--- START ---

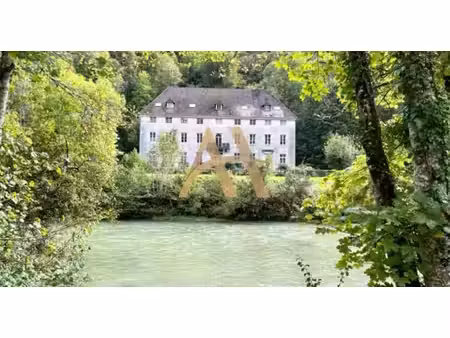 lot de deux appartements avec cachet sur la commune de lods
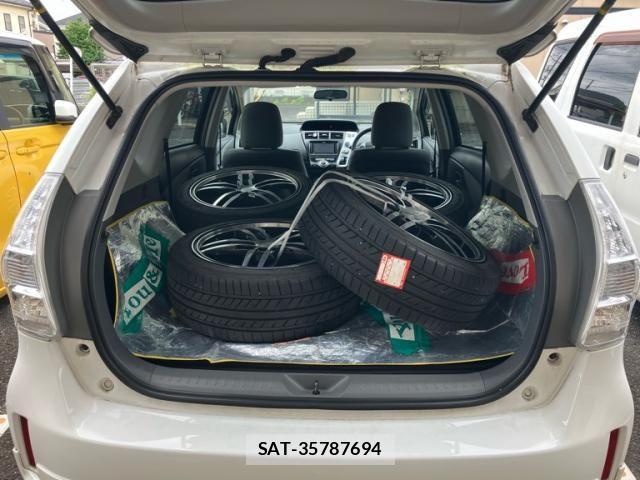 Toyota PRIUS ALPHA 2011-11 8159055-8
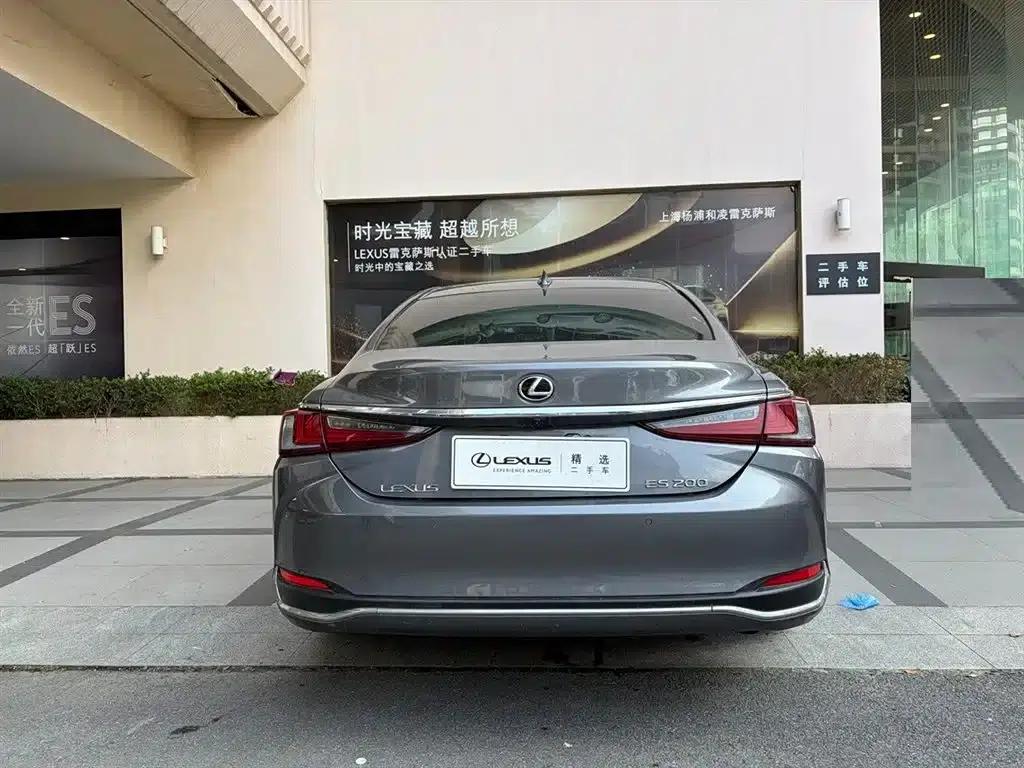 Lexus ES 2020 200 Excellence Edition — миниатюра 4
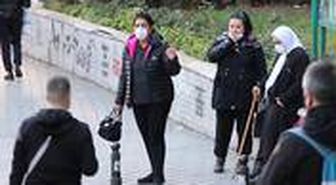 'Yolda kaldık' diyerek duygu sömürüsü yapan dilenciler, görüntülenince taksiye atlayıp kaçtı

--- END ---

■ Work order
Go through the material above and print all of it exactly, except the pictures.

■ Exercise answer
 lot de deux appartements avec cachet sur la commune de lods
 Toyota PRIUS ALPHA 2011-11 8159055-8
 Lexus ES 2020 200 Excellence Edition — миниатюра 4
 'Yolda kaldık' diyerek duygu sömürüsü yapan dilenciler, görüntülenince taksiye atlayıp kaçtı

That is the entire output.